One of the great aspects about Mister Slime is the fact that you use all aspects of the DS to make our hero get around from one level to the next. The majority of your time is spent using the touch screen and stylus. You navigate Slimy by dragging and stretching his arms to grab hold of small anchor points scattered throughout the game. Mister Slime also makes use of the DS microphone. Now I would not due this one a crowded bus, but there are points in the game where you have to blow into the microphone to help Slimy breath underwater or fly in the air. It is a great little feature and certainly adds a bit of variety into a game which can chug along quite slowly at the best of times.
Mister Slime features both single and multiplayer game modes with a variety of level design. It is a single player principally; however the multiplayer component is a nice little add-on, provided you can hook up with a buddy who also owns the game. There are several types of basic multiplayer modes available. There is a racing challenge where the objective is to be the first to reach the exit. The flower challenge involves eating as many flowers as possible in the allotted time. Finally, the score challenge not only involves eating flowers but also beating enemies where the higher score wins. All in all there are decent modes and gives the game some replay value.
The single player game involves five different worlds spread over 40 levels. In total there are eight main characters and 15 monsters. The first few levels help you become accustomed to the controls and offer up a very good tutorial for navigating Slimy’s four limbs. Using the touch screen and stylus you navigate Slimy across the rather linear levels and for the first couple of hours the game is refreshingly unique and engaging. Unfortunately it gets somewhat old in a hurry. Mister Slime is a slower paced game unlike any of the Mario’s or Sonic’s you may have played in the past. Often you wish he could move a little quicker but whenever you start to rush Slimy’s limbs the touch screen can become unresponsive. Mister Slime does eventually gain some power ups and he has the ability to destroy enemies by sling shotting or falling onto them. So there is more to the game than just dragging and stretching Mister Slime’s arms. But in the end what Mister Slime really lacks is variety and it just does not sustain the fun factor for as long as it should. That being said, youngsters may love him and Mister Slime could become a cult hit.

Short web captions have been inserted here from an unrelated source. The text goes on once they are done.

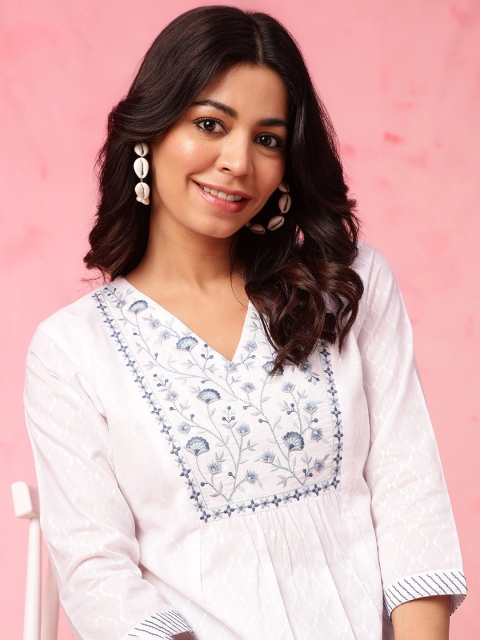 Anouk Floral Embroidered V-Neck Pure Cotton Straight Kurti - Image 2
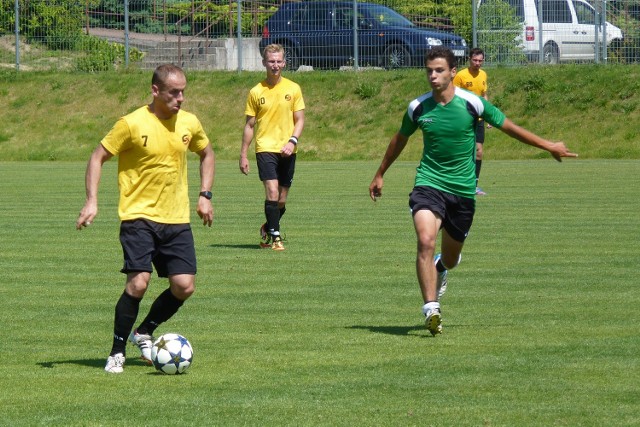 W nowym sezonie Bałtyckiej trzeciej ligi w zespole z Manowa zobaczymy m.in. pozyskanego z Iskry Białogard, Damiana Lisiaka (w zielonej koszulce).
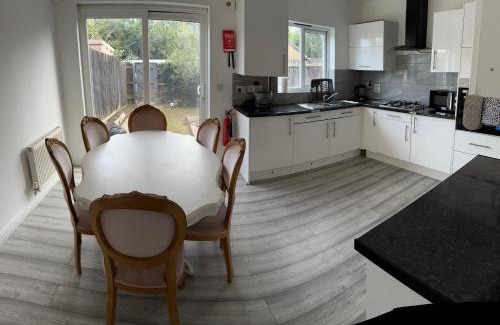 Sittingbourne House | 5 Bed house in Sittingbourne Kent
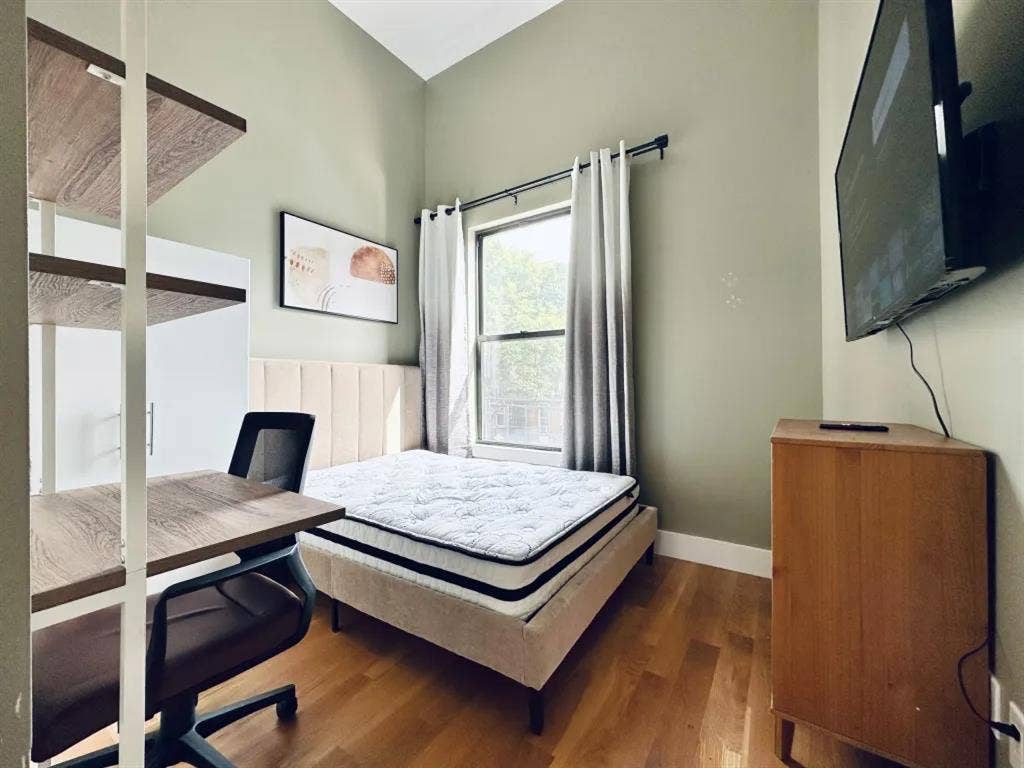 Putnam Avenue Room #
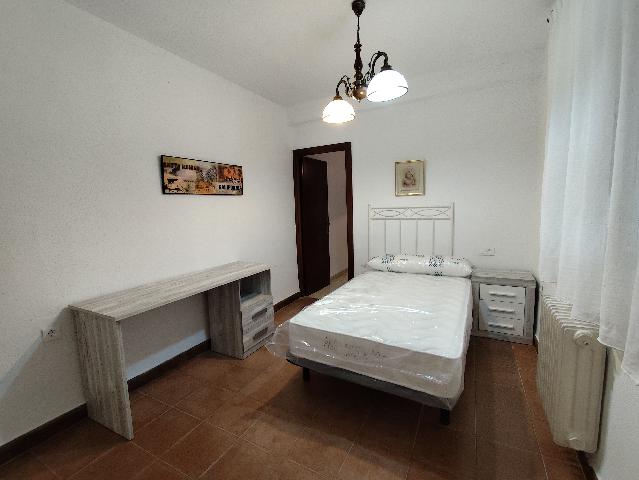 Imagen 13 Inmueble 299444 - Apartamento en venta en Almendralejo / Inmueble en pleno centro de Almendralejo.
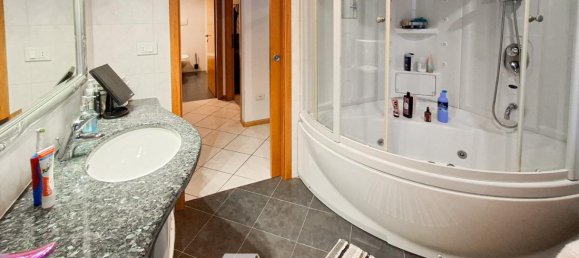 3 rooms Apartment in Trentino-Alto Adige, Italy No. 231013 15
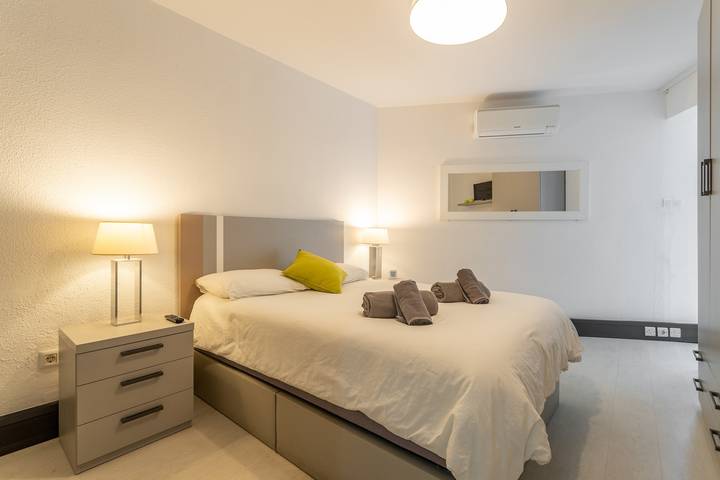 Entire apartment, Apartment 'Torresol' with Wi-Fi and Air Conditioning in Playa de la Torrecilla, Nerja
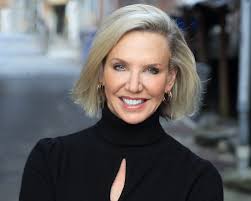 Keynote Speaker Meridith Elliott Powell Speaking Fee and Information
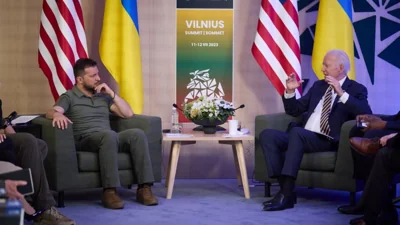 Владимир Зеленский и Джо Байден во время саммита НАТО в Вильнюсе, июль 2023 года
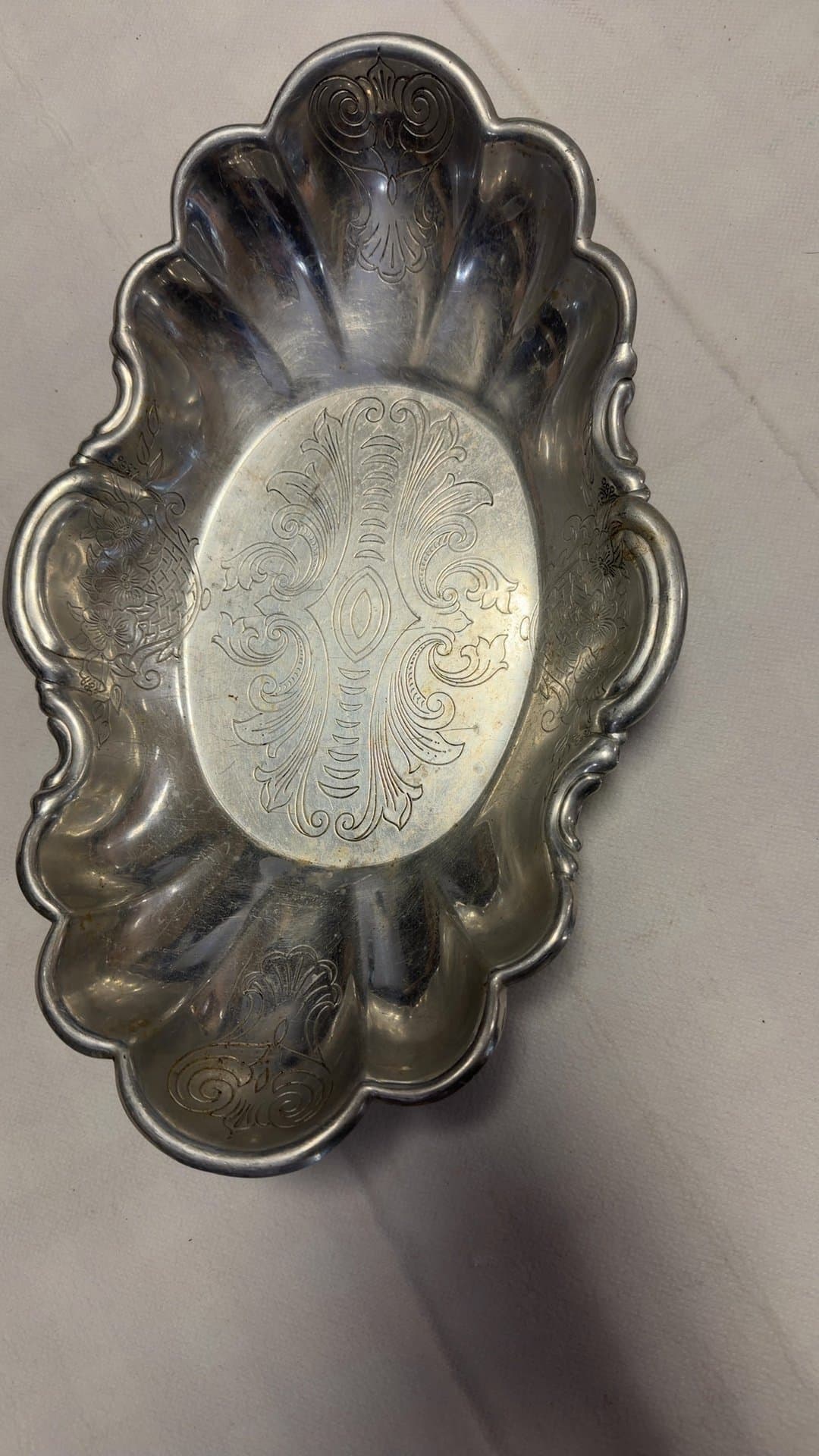 1940's-50's Wrought aluminum oval bread tray - Image 1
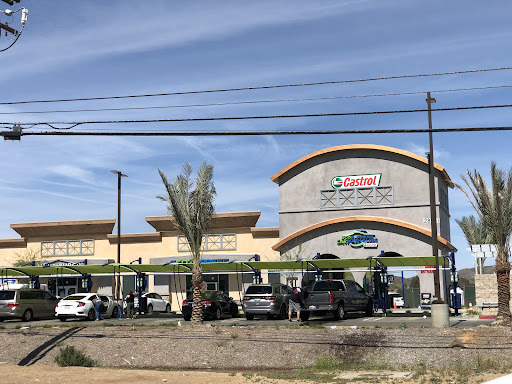 Eco Express Wash & Lube en Lake Elsinore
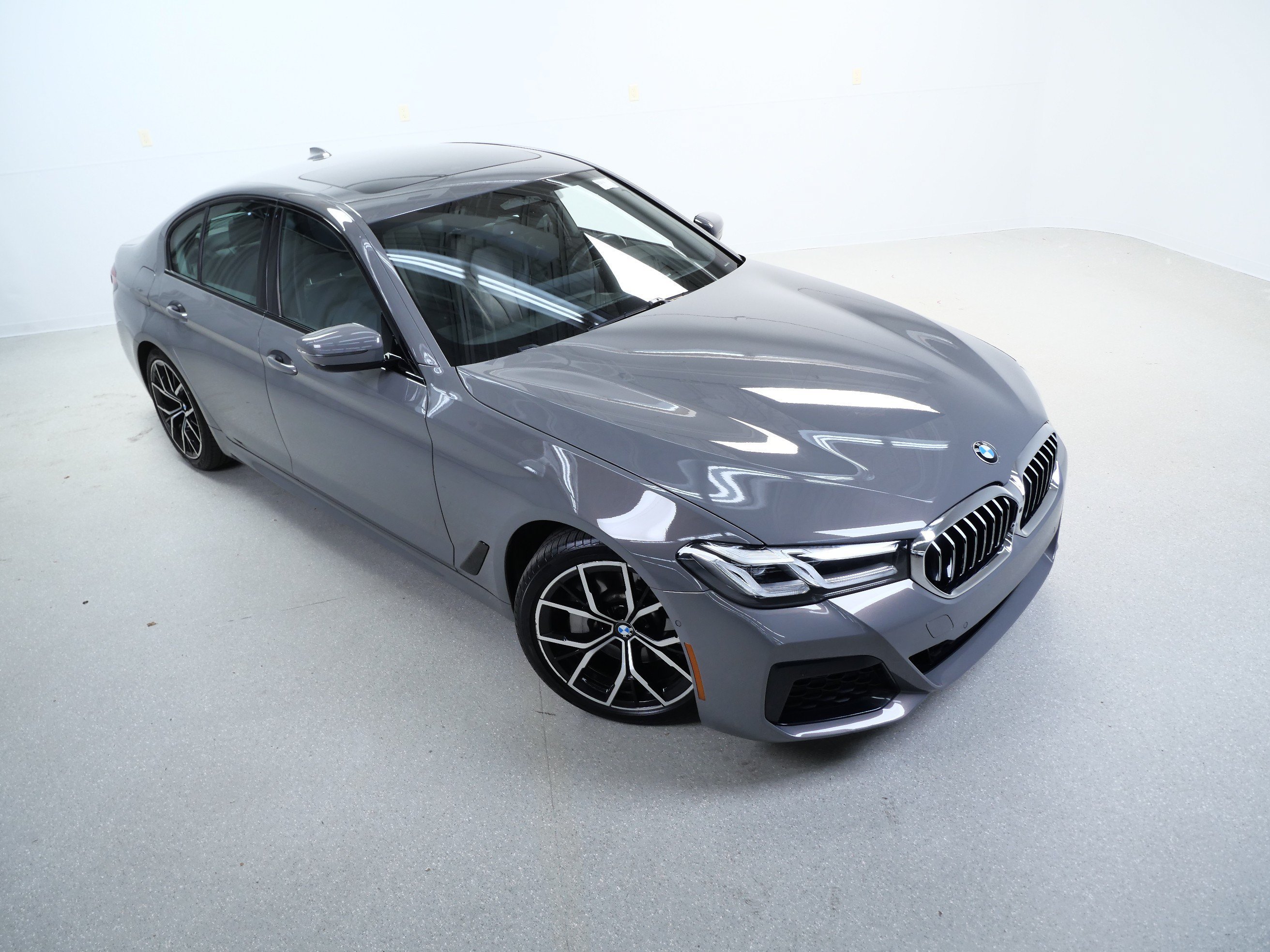 Used 2021 Bernina Grey Amber Effect Metallic BMW 530i xDrive image 4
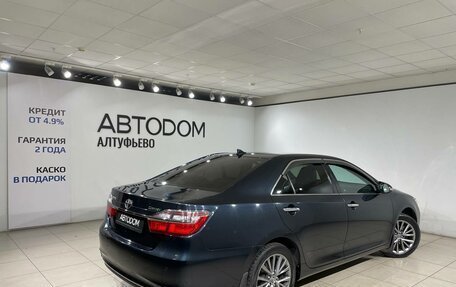 Toyota Camry, 2017 год, 2 390 000 рублей, 2 фотография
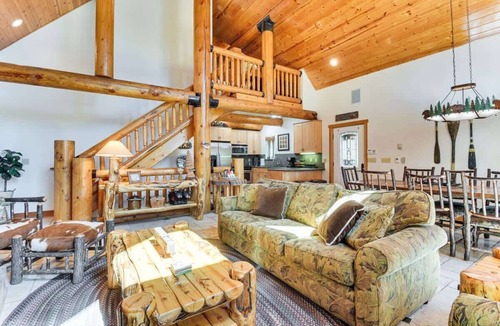 Arnold House | 2 Cabins! Sleeps 17, Ping Pong, Gas Fire Pit & BBQ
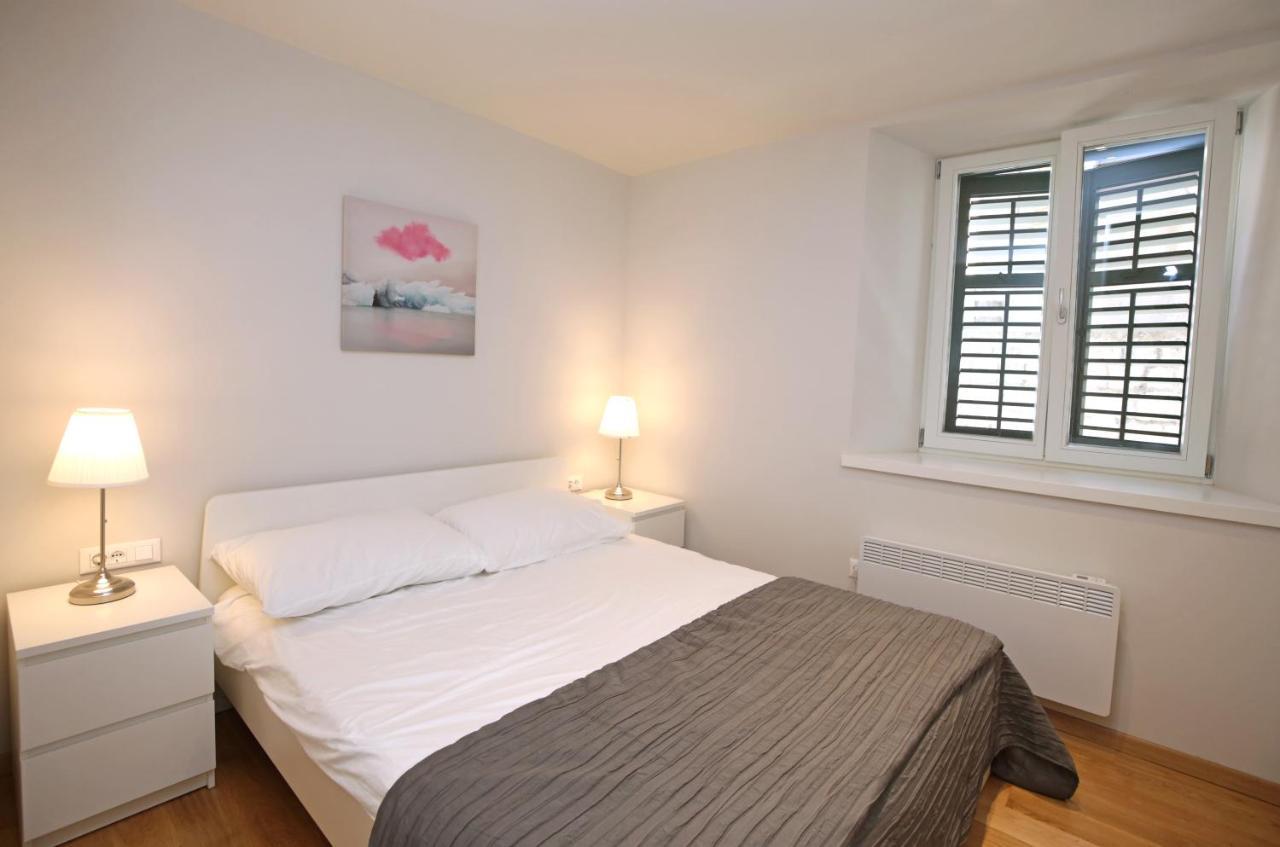 Apartment Volat 希贝尼克 外观 照片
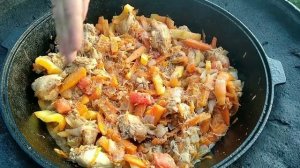 Курица с овощами в казане.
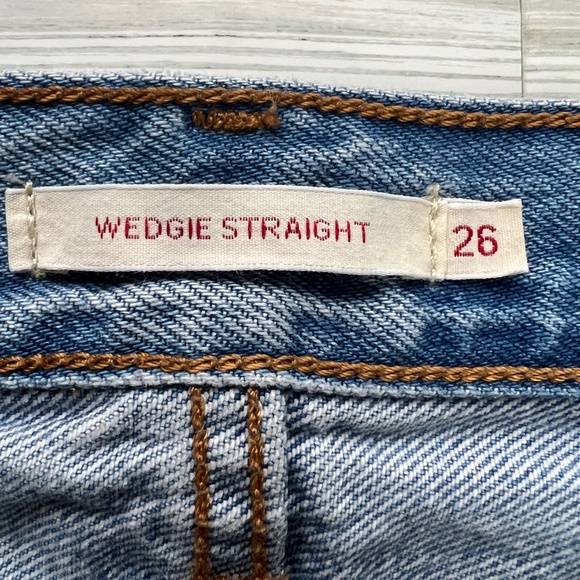 Levis Premium Wedgie Straight Jeans Womens 26 Light Blue Distressed Button Fly - Picture 3 of 14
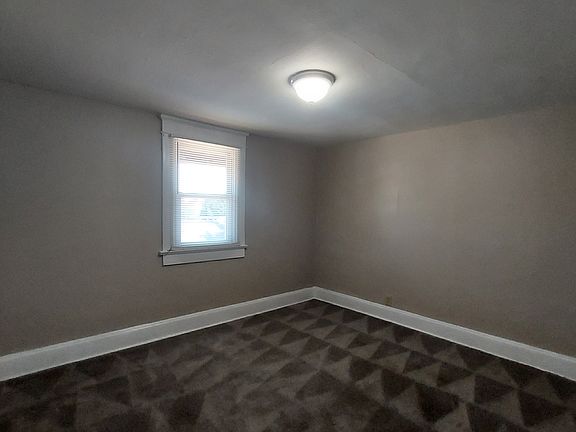 4th image of 173 Grant St
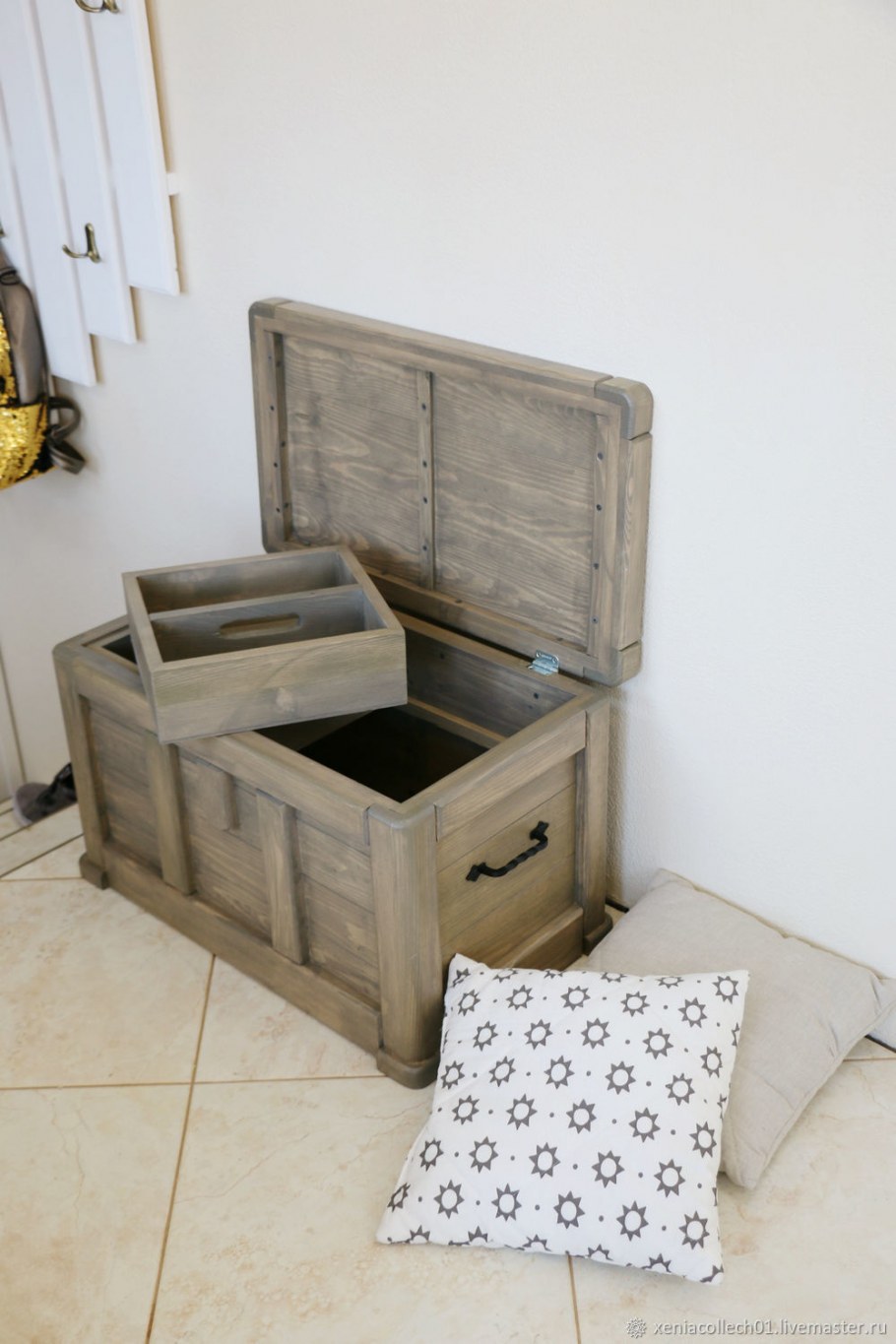 Сундук в интерьере спальни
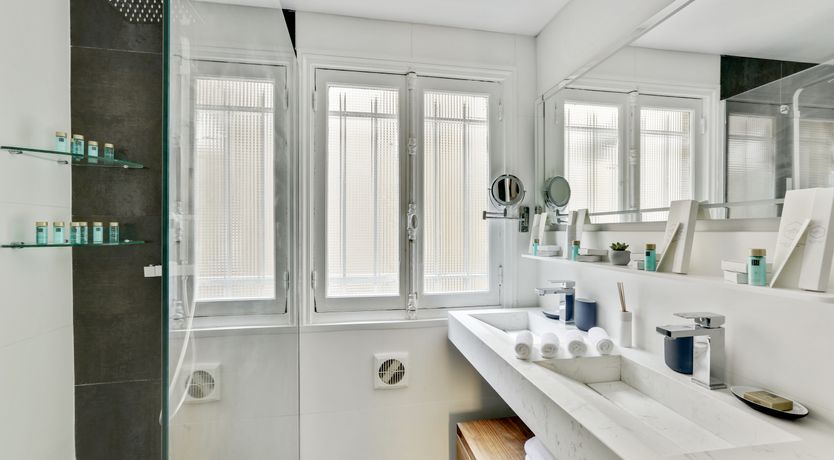 Photo of The Pearl of Courcelles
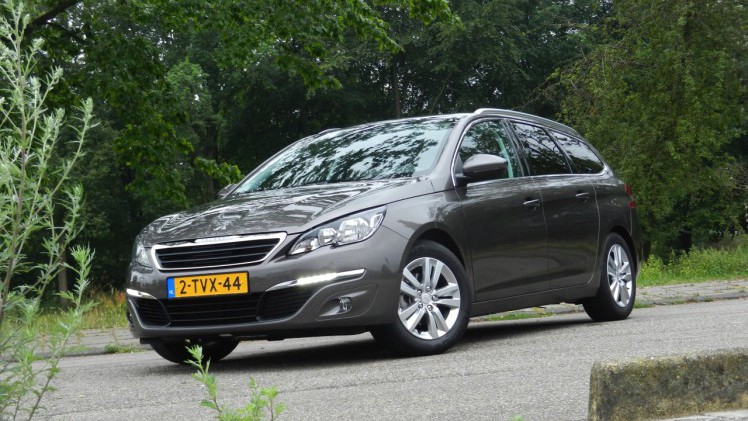 Vergelijking Peugeot 308 SW en Toyota Auris TS hybrid, beiden zakelijk te rijden met 14% bijtelling.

Mister Slime for the DS is perfect for gaming on the run. It will keep you entertained for several hours and the initial gameplay offers up enough value to keep you occupied while waiting in an airport or riding on a subway. Where the game starts to deteriorate is after those first couple of worlds where navigating Mister Slime becomes more of a task than an enjoyable ride. Regardless of any shortcomings though I think that anyone who owns a DS should at least give this game a chance.